Pinky Winky has gone Prime! One of my all-time favorite hydrangea paniculata varieties, Pinky Winky is now being offered as Prime. This means you can now choose Pinky Winky or Pinky Winky Prime hydrangea for your landscape or pollinator habitat, as I will explain. Your first question is what the difference is, and that would be size.
It is larger, reaching 6 to 9 feet tall and as wide. And as Proven Winners states, the blooms are massive. When August rolls around and butterfly season is peaking, Pinky Winky and Pinky Winky Prime stand ready to supply the nectar.
After watching panicle hydrangeas for years, I can tell you that while they are all beautiful, they are not all the same when it comes to bees and butterflies. Pinky Winky and now Pinky Winky Prime are at the top. Many will find this odd, so let me explain.
First, know that I am not talking about larval host plants. I’m not talking milkweeds, passion flowers, dill, tulip trees or pipevines. I am talking about nectar plants.

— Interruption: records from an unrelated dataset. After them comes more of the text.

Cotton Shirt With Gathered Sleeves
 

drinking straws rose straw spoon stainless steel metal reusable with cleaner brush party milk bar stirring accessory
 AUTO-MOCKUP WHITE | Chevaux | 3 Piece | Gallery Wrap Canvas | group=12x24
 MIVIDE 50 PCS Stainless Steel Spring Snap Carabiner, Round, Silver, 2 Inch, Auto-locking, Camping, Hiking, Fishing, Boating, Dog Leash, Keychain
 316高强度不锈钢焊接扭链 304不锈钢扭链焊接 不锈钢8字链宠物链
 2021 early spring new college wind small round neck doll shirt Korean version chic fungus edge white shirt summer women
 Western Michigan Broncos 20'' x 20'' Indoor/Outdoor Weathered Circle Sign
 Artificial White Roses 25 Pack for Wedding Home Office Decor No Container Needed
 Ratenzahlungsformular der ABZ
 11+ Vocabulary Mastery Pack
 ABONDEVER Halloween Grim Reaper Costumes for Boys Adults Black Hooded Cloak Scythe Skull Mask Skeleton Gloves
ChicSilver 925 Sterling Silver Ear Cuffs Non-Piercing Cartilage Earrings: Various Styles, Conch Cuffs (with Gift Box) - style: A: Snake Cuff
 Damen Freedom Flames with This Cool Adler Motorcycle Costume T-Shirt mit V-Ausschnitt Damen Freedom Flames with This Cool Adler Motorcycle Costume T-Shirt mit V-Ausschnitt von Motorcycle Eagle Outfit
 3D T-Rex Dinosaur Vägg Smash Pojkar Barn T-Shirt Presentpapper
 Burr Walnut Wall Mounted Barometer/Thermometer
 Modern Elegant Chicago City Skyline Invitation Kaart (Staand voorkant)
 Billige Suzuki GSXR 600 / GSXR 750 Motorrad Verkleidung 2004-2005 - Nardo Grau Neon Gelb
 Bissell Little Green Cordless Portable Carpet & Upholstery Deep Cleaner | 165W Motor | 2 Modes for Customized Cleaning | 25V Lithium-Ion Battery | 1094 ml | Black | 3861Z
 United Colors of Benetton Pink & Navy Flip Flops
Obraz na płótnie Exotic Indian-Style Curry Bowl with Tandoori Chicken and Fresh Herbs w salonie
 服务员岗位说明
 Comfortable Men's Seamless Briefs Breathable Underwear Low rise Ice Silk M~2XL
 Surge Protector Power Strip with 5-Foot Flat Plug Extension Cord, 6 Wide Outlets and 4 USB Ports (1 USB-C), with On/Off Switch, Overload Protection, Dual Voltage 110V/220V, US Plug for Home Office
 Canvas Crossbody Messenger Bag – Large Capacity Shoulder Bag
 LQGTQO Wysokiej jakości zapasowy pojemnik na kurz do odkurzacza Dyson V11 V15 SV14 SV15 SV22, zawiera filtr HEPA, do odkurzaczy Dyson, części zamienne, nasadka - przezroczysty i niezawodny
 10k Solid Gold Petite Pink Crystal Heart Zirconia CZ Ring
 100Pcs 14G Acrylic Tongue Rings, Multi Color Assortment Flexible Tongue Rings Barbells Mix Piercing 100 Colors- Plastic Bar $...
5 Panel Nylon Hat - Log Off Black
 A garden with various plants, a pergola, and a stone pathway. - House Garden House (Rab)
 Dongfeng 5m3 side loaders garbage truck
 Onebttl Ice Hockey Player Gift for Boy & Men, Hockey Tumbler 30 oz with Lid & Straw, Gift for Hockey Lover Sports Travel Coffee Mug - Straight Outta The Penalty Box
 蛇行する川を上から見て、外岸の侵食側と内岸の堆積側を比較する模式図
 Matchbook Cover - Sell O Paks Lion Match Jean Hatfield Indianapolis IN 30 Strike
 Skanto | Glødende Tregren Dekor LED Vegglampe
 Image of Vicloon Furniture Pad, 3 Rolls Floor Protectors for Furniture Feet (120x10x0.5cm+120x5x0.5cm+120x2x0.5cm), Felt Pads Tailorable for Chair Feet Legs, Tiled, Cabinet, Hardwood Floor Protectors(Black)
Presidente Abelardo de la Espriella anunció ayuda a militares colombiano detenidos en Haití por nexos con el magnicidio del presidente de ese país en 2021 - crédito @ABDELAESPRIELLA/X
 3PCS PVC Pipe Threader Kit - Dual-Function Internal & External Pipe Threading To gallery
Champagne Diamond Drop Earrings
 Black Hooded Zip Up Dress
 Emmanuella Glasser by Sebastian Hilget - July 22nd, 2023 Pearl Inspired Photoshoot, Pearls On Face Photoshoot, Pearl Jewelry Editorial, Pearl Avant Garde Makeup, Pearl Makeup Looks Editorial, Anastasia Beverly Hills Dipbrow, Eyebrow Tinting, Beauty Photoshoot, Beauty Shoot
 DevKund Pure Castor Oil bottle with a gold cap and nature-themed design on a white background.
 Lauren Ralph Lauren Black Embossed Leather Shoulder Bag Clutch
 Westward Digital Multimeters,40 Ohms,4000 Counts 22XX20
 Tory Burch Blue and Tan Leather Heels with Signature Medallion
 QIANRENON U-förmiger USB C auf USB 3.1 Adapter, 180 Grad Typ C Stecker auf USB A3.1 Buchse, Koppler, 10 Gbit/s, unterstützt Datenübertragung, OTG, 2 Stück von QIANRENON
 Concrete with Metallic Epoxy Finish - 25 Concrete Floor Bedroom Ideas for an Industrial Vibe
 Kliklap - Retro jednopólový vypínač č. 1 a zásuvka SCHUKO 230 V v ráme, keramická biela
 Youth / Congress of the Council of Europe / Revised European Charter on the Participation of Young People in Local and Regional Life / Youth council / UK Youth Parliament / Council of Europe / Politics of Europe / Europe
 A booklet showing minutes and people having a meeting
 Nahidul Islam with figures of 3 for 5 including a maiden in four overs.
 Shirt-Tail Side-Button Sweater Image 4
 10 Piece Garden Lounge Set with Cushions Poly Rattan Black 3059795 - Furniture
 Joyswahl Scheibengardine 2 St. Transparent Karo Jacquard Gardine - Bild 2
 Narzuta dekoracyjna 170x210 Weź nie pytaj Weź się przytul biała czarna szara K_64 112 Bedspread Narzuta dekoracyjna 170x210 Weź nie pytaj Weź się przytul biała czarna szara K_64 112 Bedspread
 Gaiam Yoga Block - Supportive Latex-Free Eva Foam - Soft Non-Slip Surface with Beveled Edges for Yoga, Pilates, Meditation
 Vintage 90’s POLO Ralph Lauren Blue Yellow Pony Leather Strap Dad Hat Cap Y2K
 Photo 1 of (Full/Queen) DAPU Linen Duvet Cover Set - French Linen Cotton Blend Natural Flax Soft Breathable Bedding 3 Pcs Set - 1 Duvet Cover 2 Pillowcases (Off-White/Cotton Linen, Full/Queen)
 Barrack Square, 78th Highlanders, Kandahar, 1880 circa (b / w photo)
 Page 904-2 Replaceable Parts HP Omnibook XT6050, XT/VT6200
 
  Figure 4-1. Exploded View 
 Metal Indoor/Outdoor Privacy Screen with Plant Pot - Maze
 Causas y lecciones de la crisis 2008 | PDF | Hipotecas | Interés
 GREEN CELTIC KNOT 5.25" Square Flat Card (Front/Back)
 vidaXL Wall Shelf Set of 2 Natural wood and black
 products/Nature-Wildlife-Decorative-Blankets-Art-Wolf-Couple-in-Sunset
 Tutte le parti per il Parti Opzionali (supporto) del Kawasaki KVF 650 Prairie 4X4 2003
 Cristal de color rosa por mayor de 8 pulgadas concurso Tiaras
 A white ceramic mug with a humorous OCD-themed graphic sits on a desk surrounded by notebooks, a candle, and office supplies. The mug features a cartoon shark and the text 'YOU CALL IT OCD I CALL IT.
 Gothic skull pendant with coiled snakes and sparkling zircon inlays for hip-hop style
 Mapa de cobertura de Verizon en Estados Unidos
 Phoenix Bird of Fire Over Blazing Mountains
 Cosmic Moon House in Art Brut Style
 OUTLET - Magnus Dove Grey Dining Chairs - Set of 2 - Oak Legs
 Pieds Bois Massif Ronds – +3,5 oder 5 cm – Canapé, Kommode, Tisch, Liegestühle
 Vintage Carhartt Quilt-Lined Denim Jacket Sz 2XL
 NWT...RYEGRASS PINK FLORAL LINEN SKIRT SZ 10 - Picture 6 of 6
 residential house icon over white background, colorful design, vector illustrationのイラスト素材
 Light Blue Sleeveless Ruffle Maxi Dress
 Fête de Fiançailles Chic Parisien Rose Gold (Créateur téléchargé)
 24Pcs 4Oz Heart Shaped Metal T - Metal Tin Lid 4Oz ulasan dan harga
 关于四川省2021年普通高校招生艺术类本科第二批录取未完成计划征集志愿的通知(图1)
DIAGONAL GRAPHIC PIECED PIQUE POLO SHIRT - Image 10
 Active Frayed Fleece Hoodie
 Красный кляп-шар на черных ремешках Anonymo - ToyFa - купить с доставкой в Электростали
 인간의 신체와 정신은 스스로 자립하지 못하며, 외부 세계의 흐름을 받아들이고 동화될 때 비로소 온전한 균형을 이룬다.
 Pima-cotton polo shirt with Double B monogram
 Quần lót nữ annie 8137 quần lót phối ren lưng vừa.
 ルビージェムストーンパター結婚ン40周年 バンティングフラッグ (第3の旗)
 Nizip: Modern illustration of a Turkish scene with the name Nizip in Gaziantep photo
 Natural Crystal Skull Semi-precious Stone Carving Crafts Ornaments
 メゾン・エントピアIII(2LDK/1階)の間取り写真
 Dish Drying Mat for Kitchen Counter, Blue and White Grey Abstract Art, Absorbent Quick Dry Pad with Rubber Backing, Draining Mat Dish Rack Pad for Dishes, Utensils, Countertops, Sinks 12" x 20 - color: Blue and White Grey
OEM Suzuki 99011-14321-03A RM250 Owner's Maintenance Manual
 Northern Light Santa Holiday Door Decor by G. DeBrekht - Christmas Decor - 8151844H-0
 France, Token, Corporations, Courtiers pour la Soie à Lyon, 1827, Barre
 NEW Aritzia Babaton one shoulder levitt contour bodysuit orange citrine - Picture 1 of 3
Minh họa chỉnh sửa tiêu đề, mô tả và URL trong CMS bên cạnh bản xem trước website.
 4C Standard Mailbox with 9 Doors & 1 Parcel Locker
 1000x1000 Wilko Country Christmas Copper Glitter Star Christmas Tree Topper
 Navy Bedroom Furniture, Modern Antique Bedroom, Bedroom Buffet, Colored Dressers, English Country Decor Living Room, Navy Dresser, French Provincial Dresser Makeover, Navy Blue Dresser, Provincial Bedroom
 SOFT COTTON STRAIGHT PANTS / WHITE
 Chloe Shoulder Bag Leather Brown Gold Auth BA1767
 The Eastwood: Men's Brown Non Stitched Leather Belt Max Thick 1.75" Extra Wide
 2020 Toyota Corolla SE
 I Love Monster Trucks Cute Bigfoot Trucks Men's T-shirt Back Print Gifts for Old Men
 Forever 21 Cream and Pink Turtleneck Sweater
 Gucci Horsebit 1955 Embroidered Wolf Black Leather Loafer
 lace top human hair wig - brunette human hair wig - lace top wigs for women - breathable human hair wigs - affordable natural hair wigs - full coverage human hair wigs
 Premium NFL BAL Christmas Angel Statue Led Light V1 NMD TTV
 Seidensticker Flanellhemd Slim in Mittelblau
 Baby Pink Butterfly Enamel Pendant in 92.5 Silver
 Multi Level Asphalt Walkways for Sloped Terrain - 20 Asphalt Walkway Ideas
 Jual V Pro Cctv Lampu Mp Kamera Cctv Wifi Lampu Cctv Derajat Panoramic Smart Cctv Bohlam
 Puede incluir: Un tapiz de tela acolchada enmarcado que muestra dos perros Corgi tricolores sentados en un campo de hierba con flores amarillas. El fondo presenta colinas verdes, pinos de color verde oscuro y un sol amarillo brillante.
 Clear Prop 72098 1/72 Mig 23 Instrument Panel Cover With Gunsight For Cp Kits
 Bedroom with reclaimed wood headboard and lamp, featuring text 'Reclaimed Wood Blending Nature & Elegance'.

You are probably thinking you’ve been growing hydrangeas for years and never seen a pollinator. I will be quick to say that’s OK; we need shrubs with beautiful flowers in the landscape. Pinky Winky and Pinky Winky Prime are good examples.
A close examination will show they have large sterile flowers that give us the proverbial show and go in the landscape, the “wow factor,” so to speak. Among those sterile flowers are tiny fertile flowers. Now, a lot of literature will call the sterile on.